■ **Exercise input**

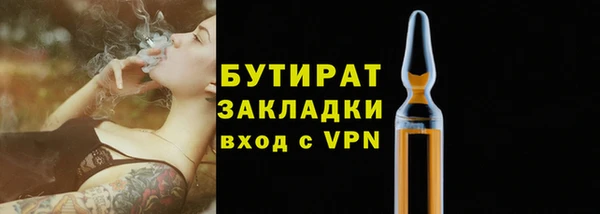 кокаин VHQ Ачинск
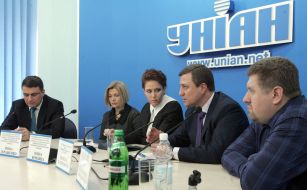 Participants  of press-conference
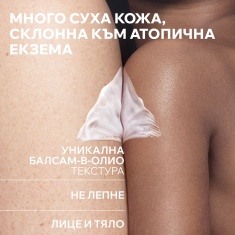 Uriage Xemose C8+ Липидовъзстановяващ успокояващ балсам против сърбеж 500 ml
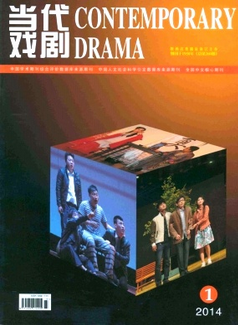 當(dāng)代戲劇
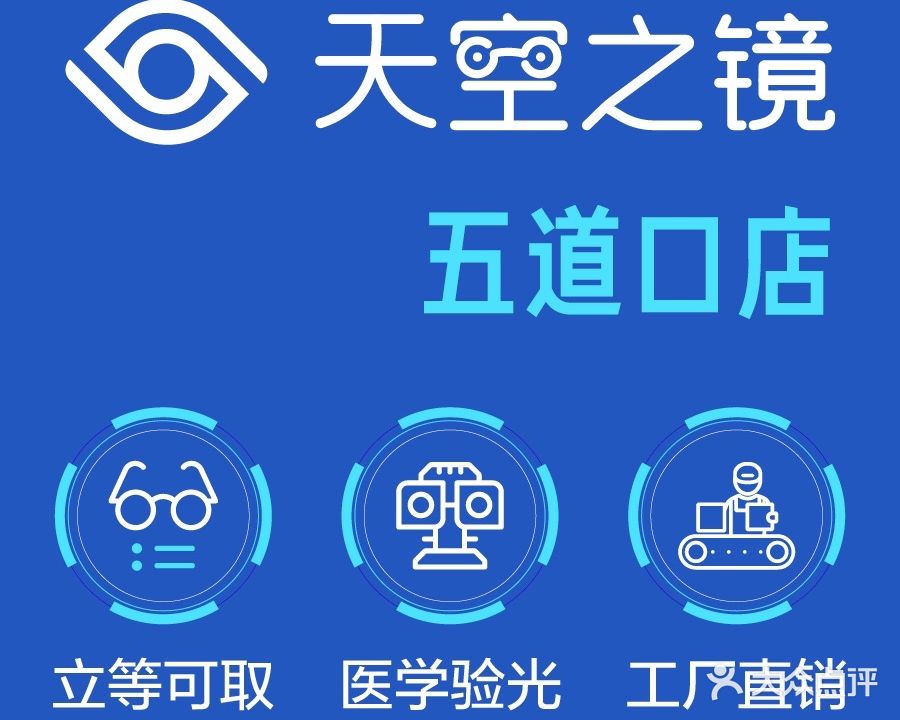 天空之镜眼镜店(五道口店)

■ **Task to carry out**
Without including the pictures, reproduce all entries exactly.

■ **Written response**
 кокаин VHQ Ачинск
 Participants  of press-conference
 Uriage Xemose C8+ Липидовъзстановяващ успокояващ балсам против сърбеж 500 ml
 當(dāng)代戲劇
 天空之镜眼镜店(五道口店)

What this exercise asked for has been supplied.